# what the hell is wrong with my coilovers?



## Guest (May 23, 2003)

1. the coilovers seem to be in right.. they are dropzone coilovers that are supposed to drop the car 1-4 inches...i installed them like i would any coilover...cranked em all the way low..

2. when i dropped the car, the rear was CRUSHED 4 inches down, while the front was at stock ride height...

3. what gives?? the sleeve that came for the front coilovers was no more then 2" long.. and the rear was 4" the front coils are almost touching eachother.. soo its not like they need to settle at all.

4. anyone that has had this problem leave me a reply i would appreciate it very much..


----------



## myoung (Apr 15, 2002)

What's wrong with them??? You mean besides being one of the cheapest coilovers on the market???? 

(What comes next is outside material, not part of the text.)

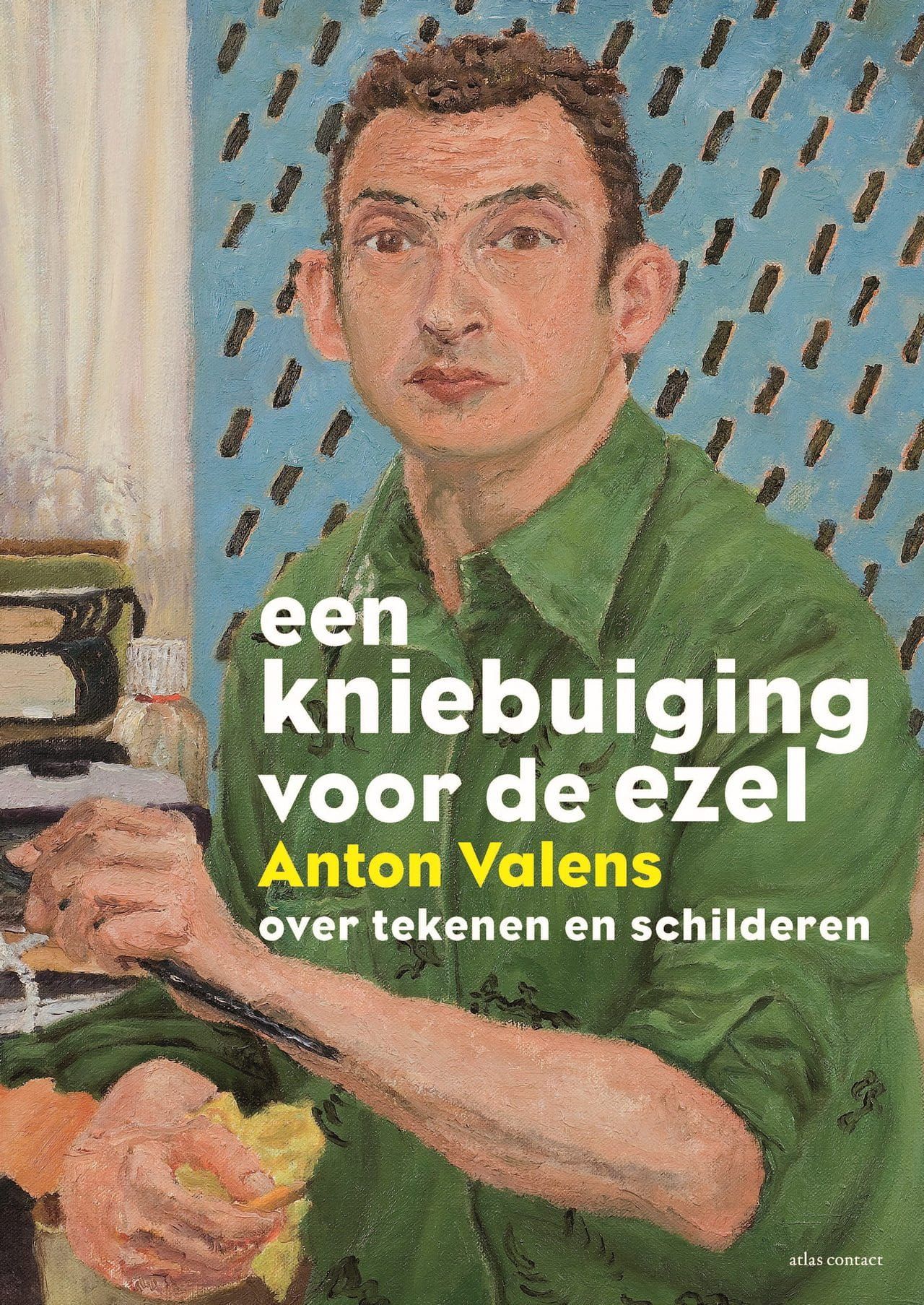 Anton Valens; Een kniebuiging voor de ezel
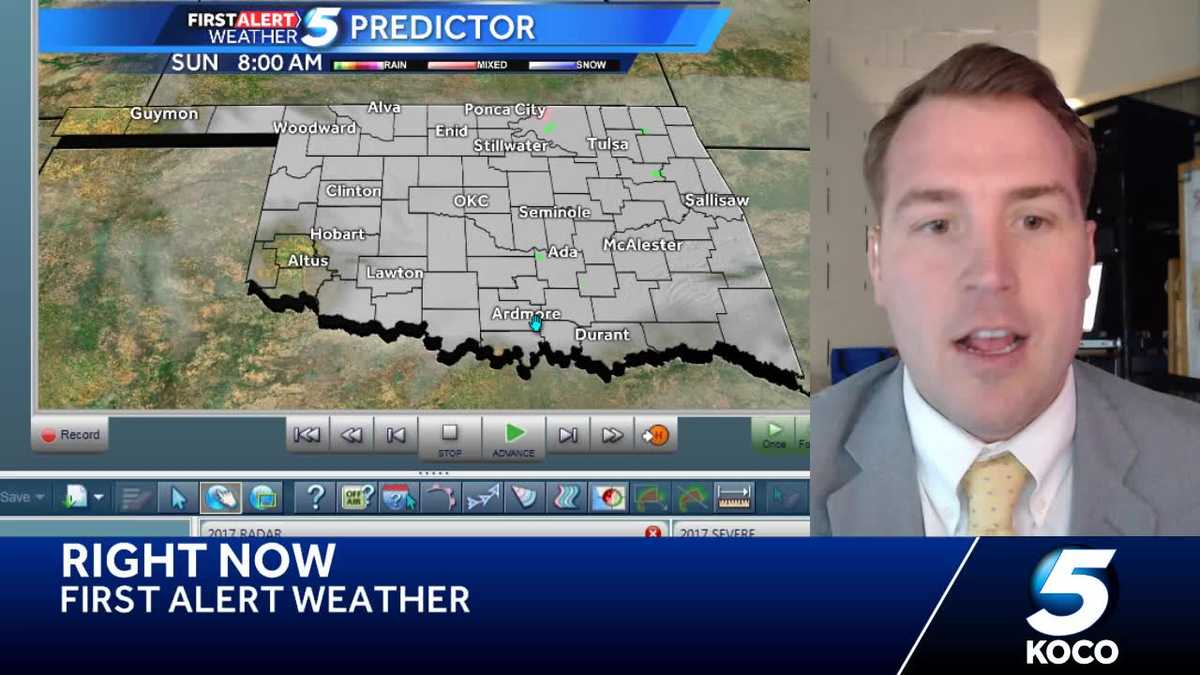 Coldest Easter on Record?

I hate to say this, but You get what you pay for...


----------



## Guest (May 23, 2003)

Oh no believe me they're peices of shit, you can tell.. But, their not only temporary, But what the shit, i know a few kids that have thrown them in other apps.. and had no problems.. then my car gets screwed?? Ok. we'll see when the new shocks come in, But i know exactly what you're saying and coming off the jacks my first thought was... "God dammit i shoulda waited for money."


----------



## PatScottAKA99XE (Apr 30, 2002)

myoung said:


> *What's wrong with them??? You mean besides being one of the cheapest coilovers on the market????
> 
> 
> I hate to say this, but You get what you pay for... *


W3Rd!!

Seems to me that buying and installing a set of cheap coilovers for temp use is waste of time and money. Go back to stock, sell those to some sucker and save up for some good stuff.


----------